Pertamina: Total Menyetujui Skema Pembagian Saham Blok Mahakam
KATADATA ? Pembahasan Blok Mahakam antara PT Pertamina (Persero) dan Total E&P Indonesie hampir mencapai kata sepakat. Total sudah mulai menyepakati beberapa poin pembahasan Blok Mahakam setelah kontraknya habis pada 2017.
Direktur Hulu Pertamina Syamsu Alam mengatakan selama ini Total kurang bisa menerima keputusan mengenai Blok Mahakam, tapi saat ini sikapnya sudah melunak. Dalam waktu dekat, Pertamina akan melakukan penandatanganan pembahasan pokok kontrak atau Head of Agreement (HoA) dengan PT Total E&P Indonesie dan Inpex Corporation.
"Selama ini kan alot. Sekarang mereka (Total) sudah bisa paham dan menerima. Artinya term-nya sudah oke," kata dia kepada Katadata di Gedung DPR, Jakarta, Selasa (1/9).

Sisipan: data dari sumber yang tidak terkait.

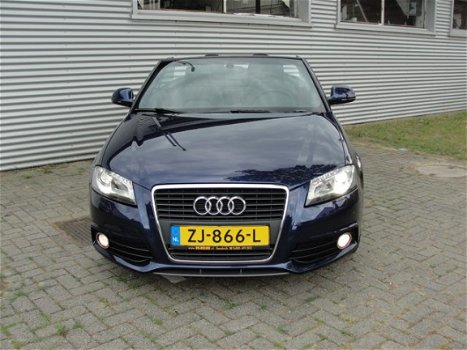 Audi A3 Cabriolet - 2.0 TFSI Automaat 200pk S-line Navigatie I Leer I Cruise - 1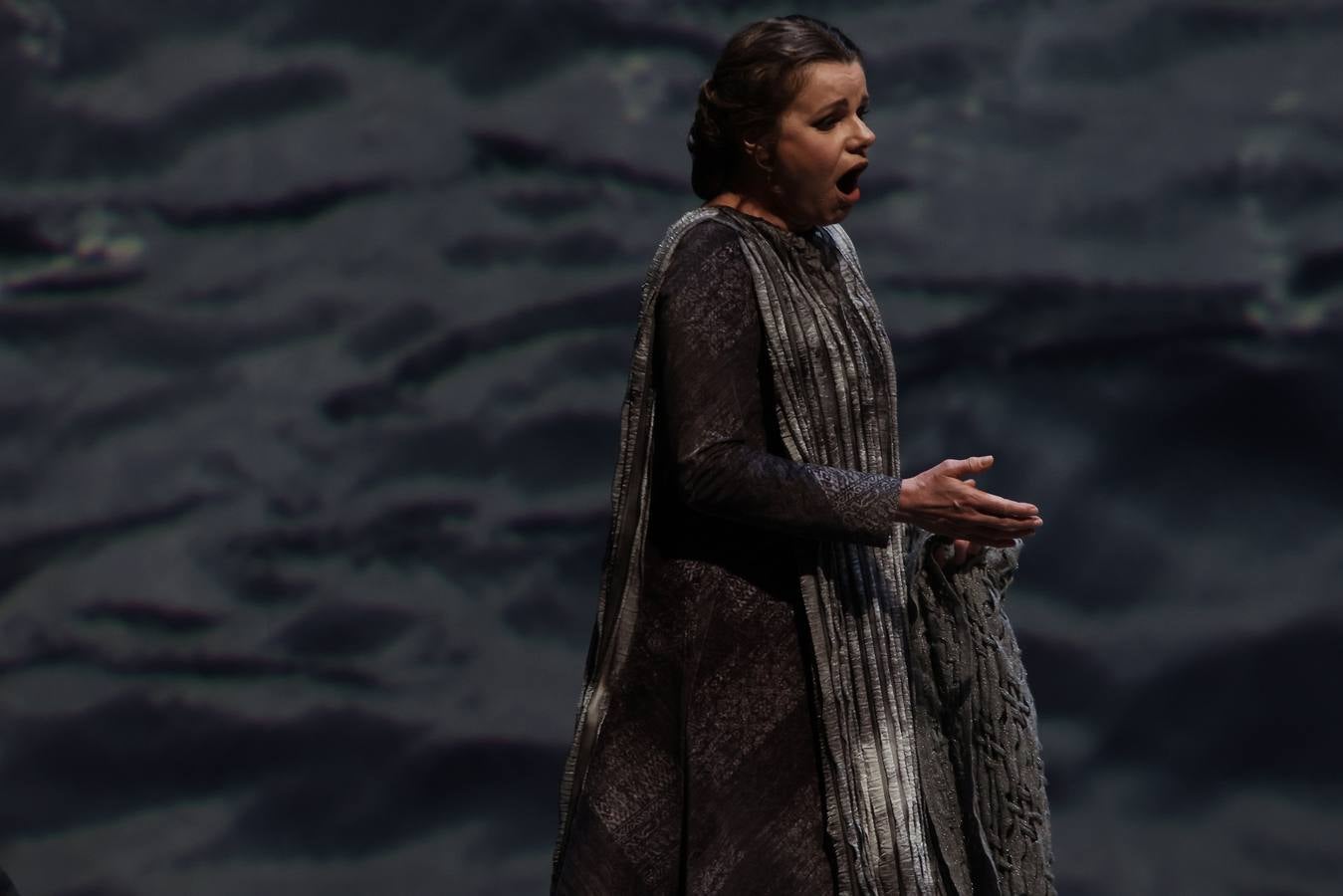 Ensayo general de la ópera 'Tristán e Isolda' en el Teatro de la Maestranza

Syamsu enggan menjelaskan secara rinci, apa saja poin yang akan dimasukkan dalam HoA tersebut. Dia hanya mengatakan Total sudah setuju Pertamina yang akan menjadi operator Blok Mahakam, setelah kontraknya berakhir pada 2017.
Selain itu, Total juga telah menyetujui keputusan pemerintah mengenai pembagian saham Blok Mahakam. Pada pertengahan Juni lalu, pemerintah memutuskan pembagian saham Blok Mahakam untuk Pertamina dan Badan Usaha Milik Daerah (BUMD) sebesar 70 persen. Sementara jatah untuk Total E&P Indonesie dan Inpex Corporation sebesar 30 persen.
(Baca: Pemerintah Minta Total Terima Keputusan Soal Blok Mahakam)
Sebelumnya, Total tidak mau menerima keputusan tersebut. Perusahaan migas multinasional asal Perancis ini meminta jatah sahamnya sebesar 35 persen. Namun, pemerintah hanya bisa memberikan 30 persen, itupun harus dibagi lagi dengan Inpex.
Menurut Syamsu, saat ini Total sudah sepakat 30 persen jatah sahamnya dibagi dengan Inpex. Dia mengaku tidak mengetahui berapa porsi saham dari masing-masing perusahaan tersebut. Ini merupakan kesepakatan internal dari Total dan Inpex.
Pertamina mengaku tetap membutuhkan Total dan Inpex sebagai kontraktor lama untuk mengelola Blok Mahakam. Dengan menggandeng kedua perusahaan tersebut, Pertamina berharap bisa meminimalkan risiko dan tidak akan mengganggu produksi blok migas tersebut.
"Kami sudah pelajari operasionalnya, risikonya tinggi sekali. Kami optimis (mengelola sendiri) tapi sangat berisiko kalau tiba-tiba sendirian di sana dan tanpa pemikiran berkelanjutan yang panjang," ujar dia.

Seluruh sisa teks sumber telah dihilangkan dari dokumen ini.